** Opening Supplied material block **

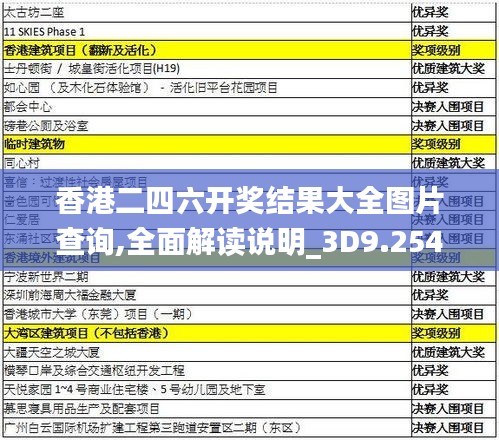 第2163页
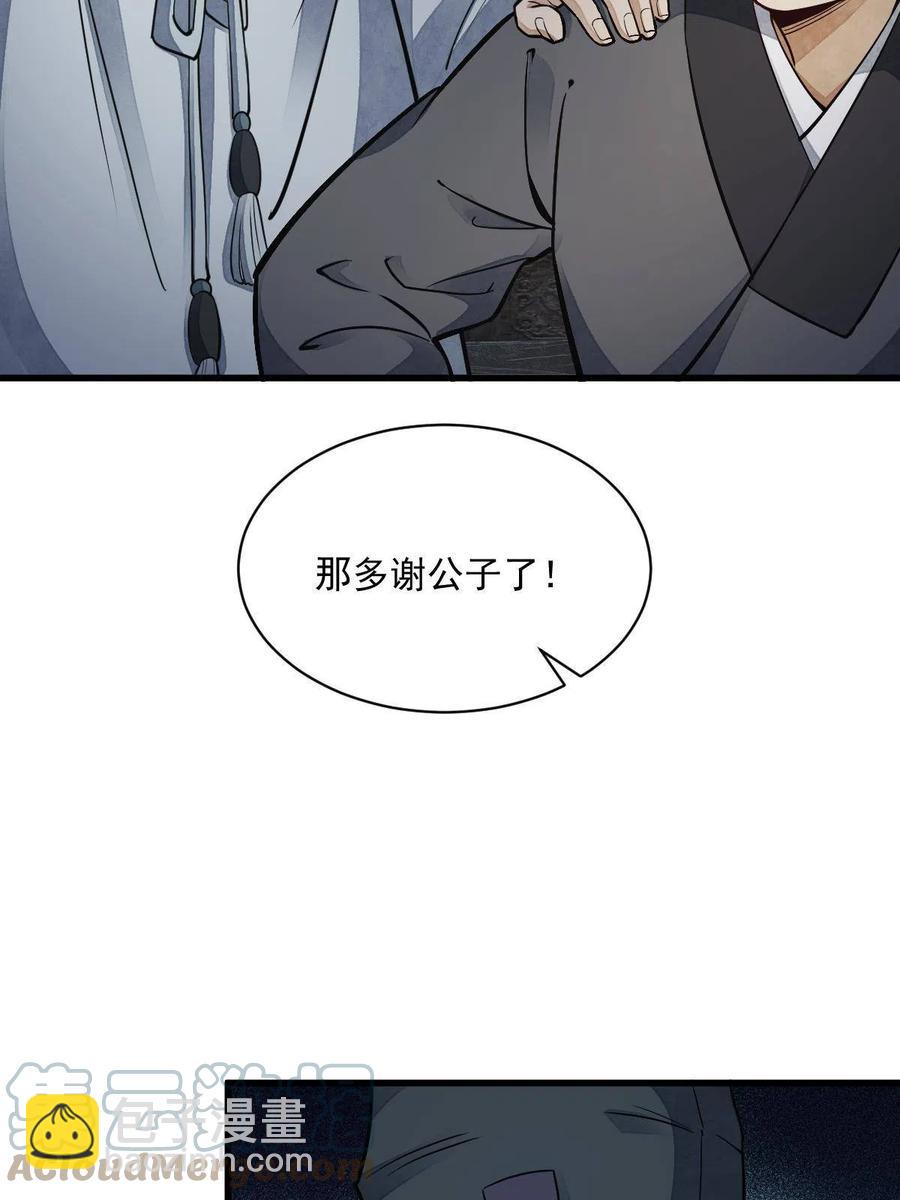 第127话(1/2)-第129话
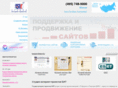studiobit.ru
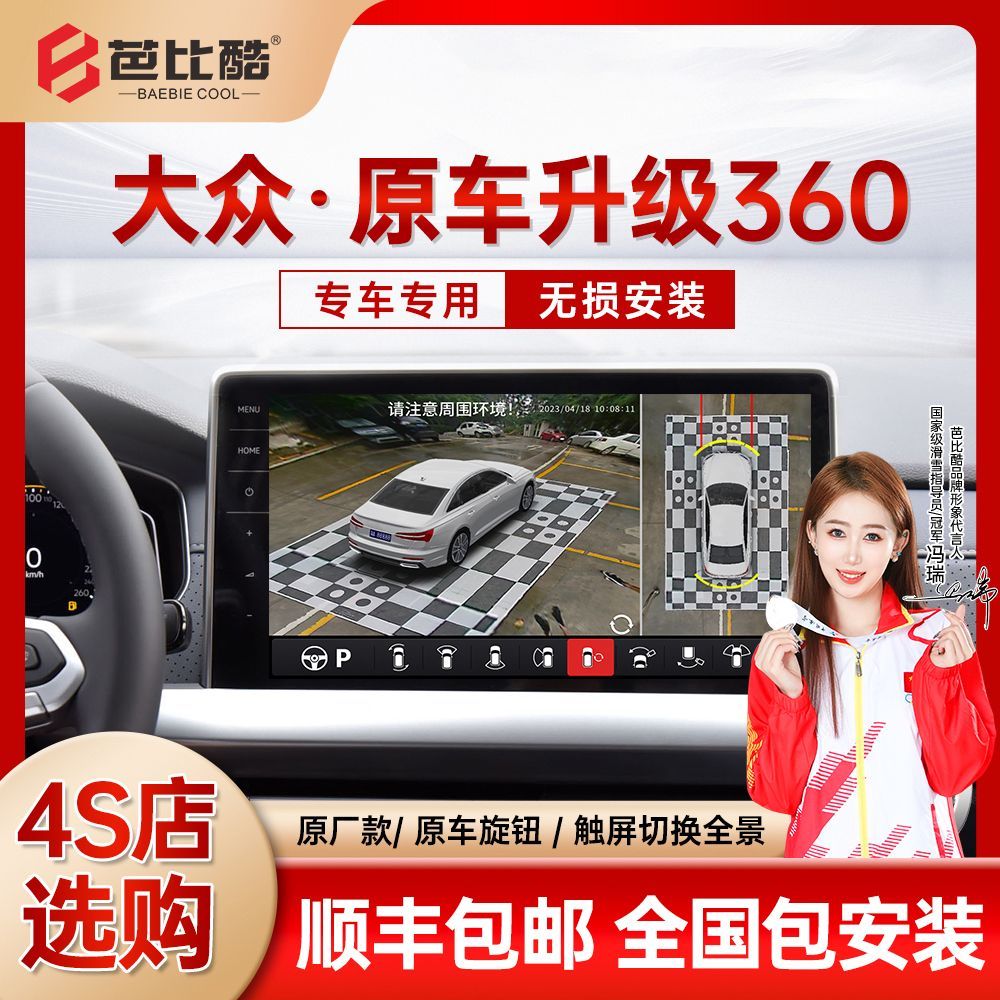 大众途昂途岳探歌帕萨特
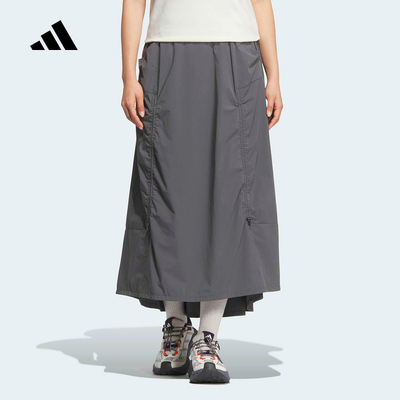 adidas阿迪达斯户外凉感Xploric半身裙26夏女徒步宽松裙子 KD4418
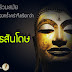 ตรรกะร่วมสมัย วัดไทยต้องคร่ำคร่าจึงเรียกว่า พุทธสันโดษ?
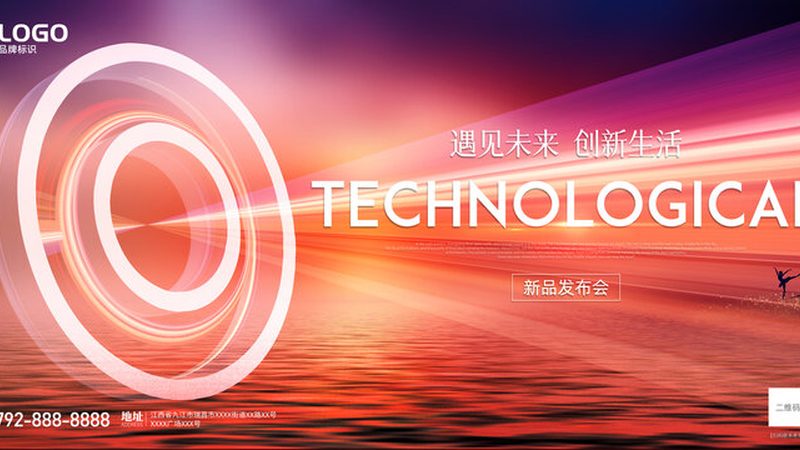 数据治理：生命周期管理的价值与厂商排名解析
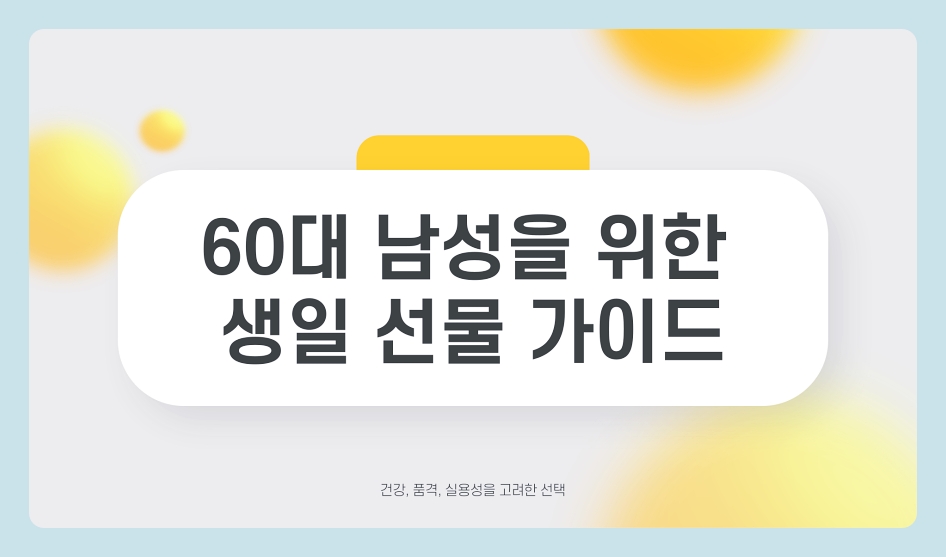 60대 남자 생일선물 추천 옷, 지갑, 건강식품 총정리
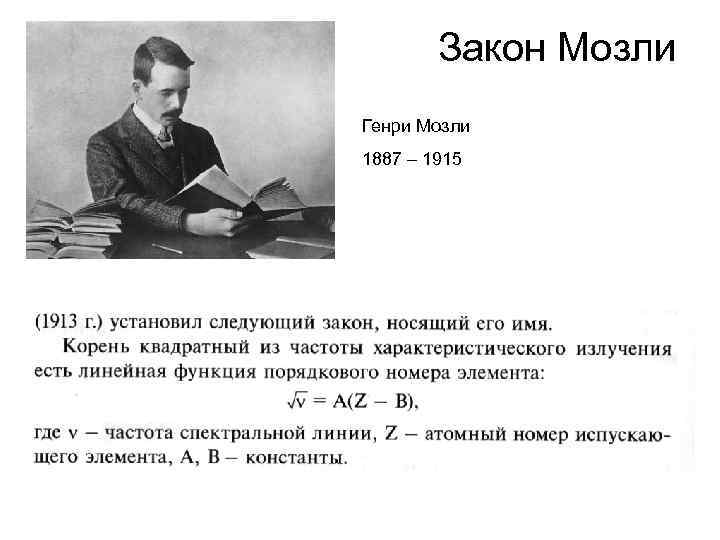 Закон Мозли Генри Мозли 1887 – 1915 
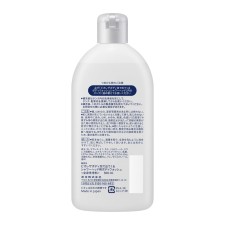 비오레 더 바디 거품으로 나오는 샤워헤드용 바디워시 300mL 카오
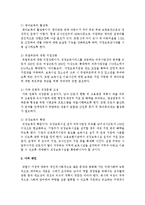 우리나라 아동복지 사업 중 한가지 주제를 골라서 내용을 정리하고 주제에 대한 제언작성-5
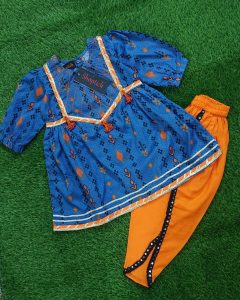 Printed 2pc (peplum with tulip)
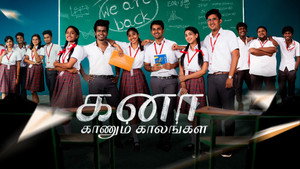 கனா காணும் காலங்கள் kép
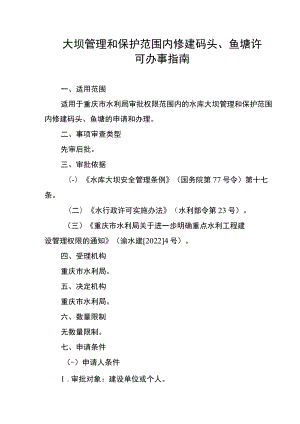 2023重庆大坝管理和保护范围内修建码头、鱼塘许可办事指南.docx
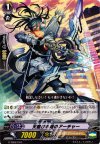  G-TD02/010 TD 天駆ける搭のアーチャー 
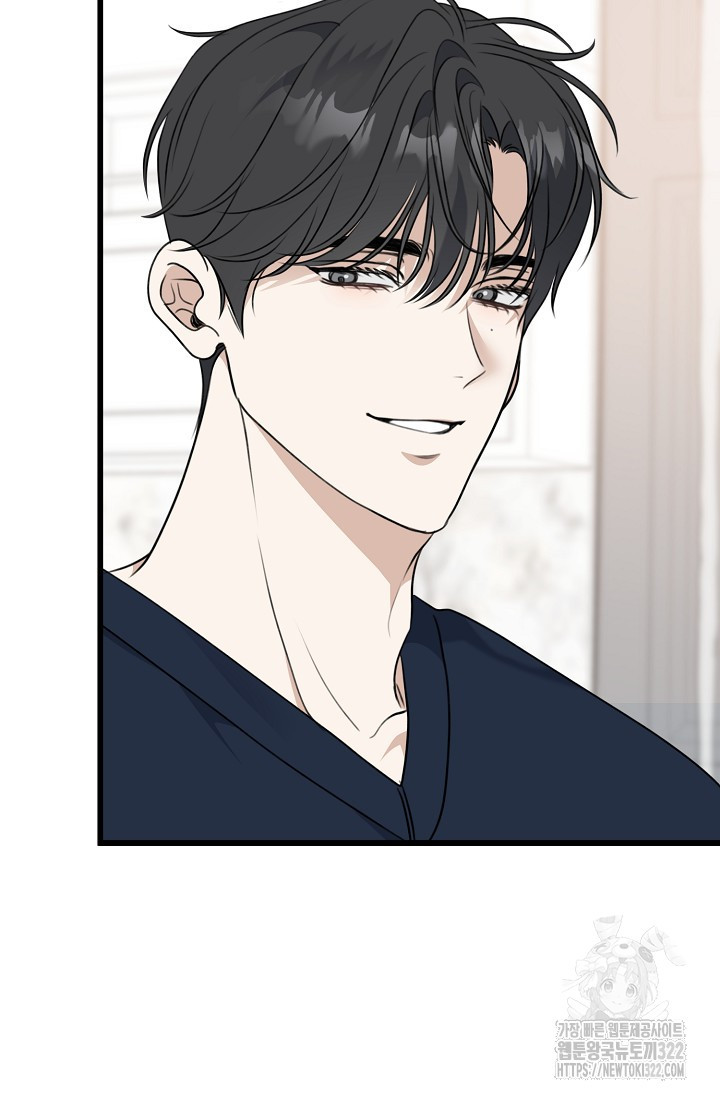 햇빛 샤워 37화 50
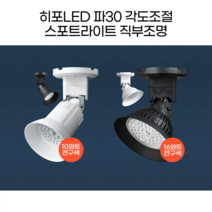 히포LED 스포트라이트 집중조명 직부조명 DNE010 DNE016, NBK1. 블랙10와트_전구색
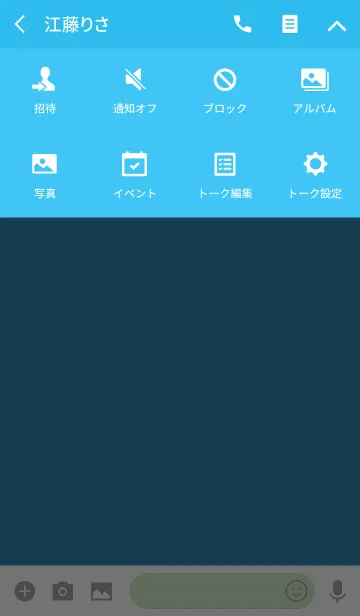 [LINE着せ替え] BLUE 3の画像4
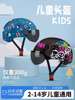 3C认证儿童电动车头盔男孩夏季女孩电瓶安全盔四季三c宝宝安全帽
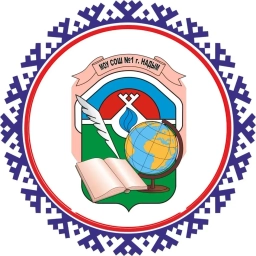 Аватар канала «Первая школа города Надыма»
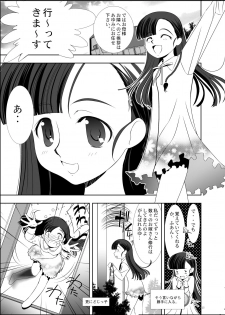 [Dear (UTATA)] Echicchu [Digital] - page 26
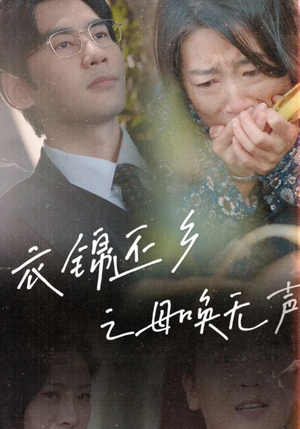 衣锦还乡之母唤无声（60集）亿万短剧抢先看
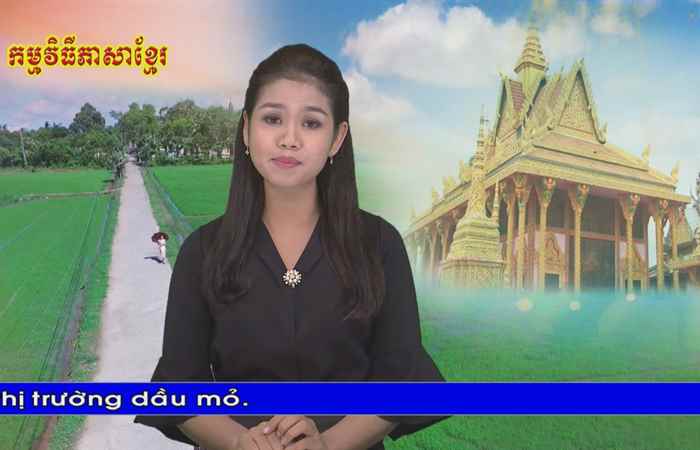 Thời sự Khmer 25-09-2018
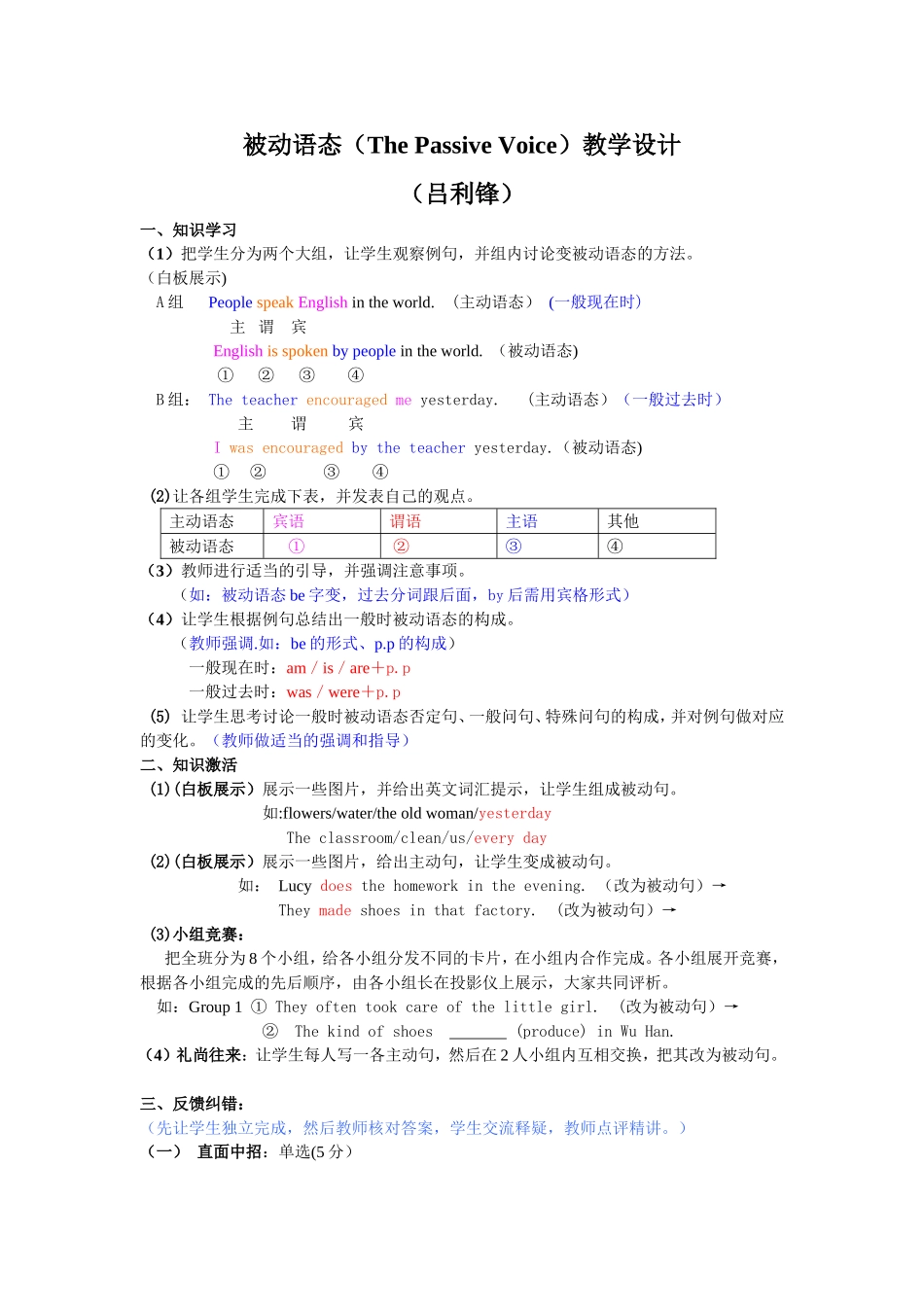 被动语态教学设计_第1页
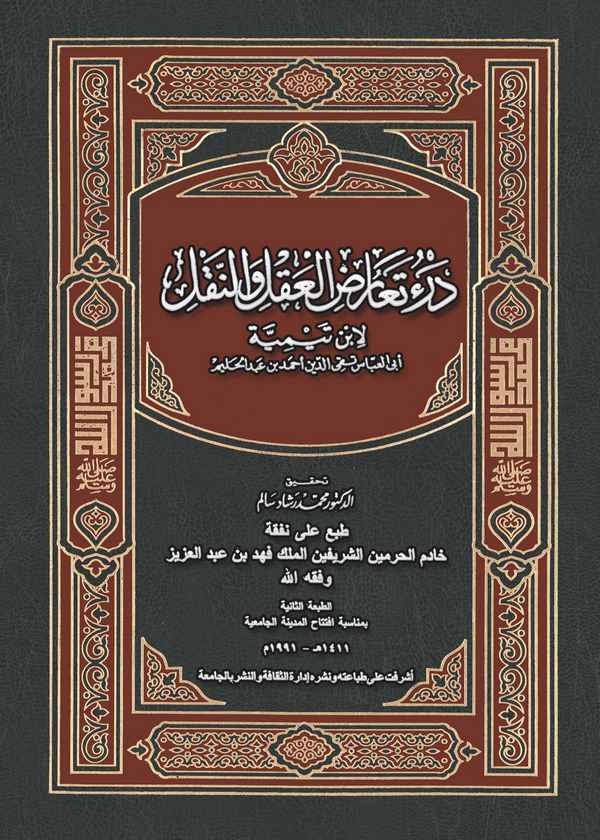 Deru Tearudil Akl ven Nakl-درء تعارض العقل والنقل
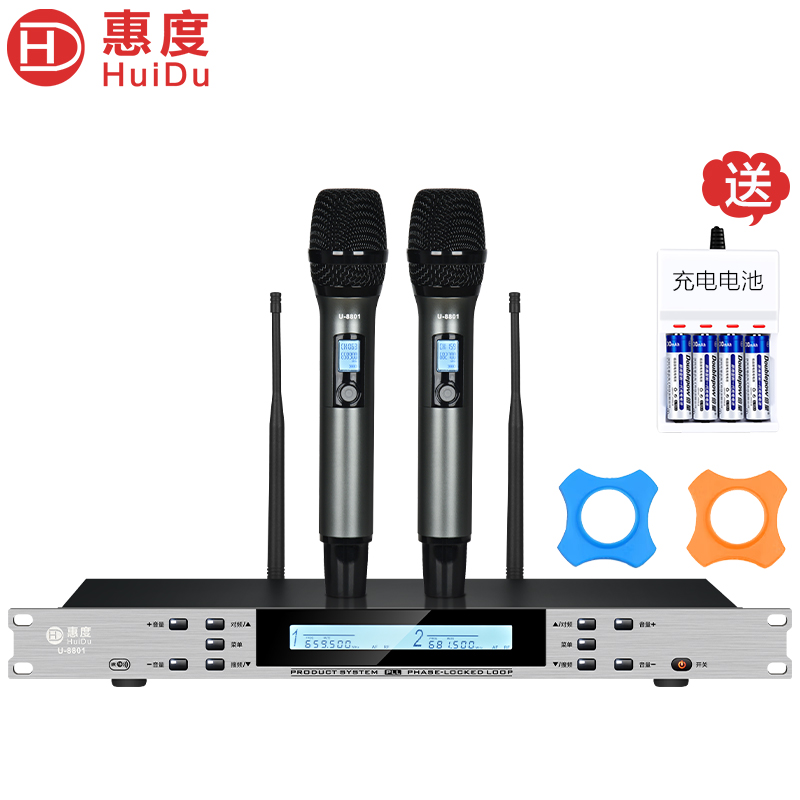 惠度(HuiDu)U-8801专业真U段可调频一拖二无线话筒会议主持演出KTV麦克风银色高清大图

** Closing Supplied material block **

## Task
Each line from the one holding "2023重庆大坝管理和保护范围内修建码头、鱼塘许可办事指南.docx" down to the end of the records is to be reproduced unaltered, and the pictures are to be omitted.

## Final answer
 2023重庆大坝管理和保护范围内修建码头、鱼塘许可办事指南.docx
  G-TD02/010 TD 天駆ける搭のアーチャー 
 햇빛 샤워 37화 50
 히포LED 스포트라이트 집중조명 직부조명 DNE010 DNE016, NBK1. 블랙10와트_전구색
 [LINE着せ替え] BLUE 3の画像4
 3C认证儿童电动车头盔男孩夏季女孩电瓶安全盔四季三c宝宝安全帽
 Аватар канала «Первая школа города Надыма»
 [Dear (UTATA)] Echicchu [Digital] - page 26
 衣锦还乡之母唤无声（60集）亿万短剧抢先看
 Thời sự Khmer 25-09-2018
 被动语态教学设计_第1页
 Deru Tearudil Akl ven Nakl-درء تعارض العقل والنقل
 惠度(HuiDu)U-8801专业真U段可调频一拖二无线话筒会议主持演出KTV麦克风银色高清大图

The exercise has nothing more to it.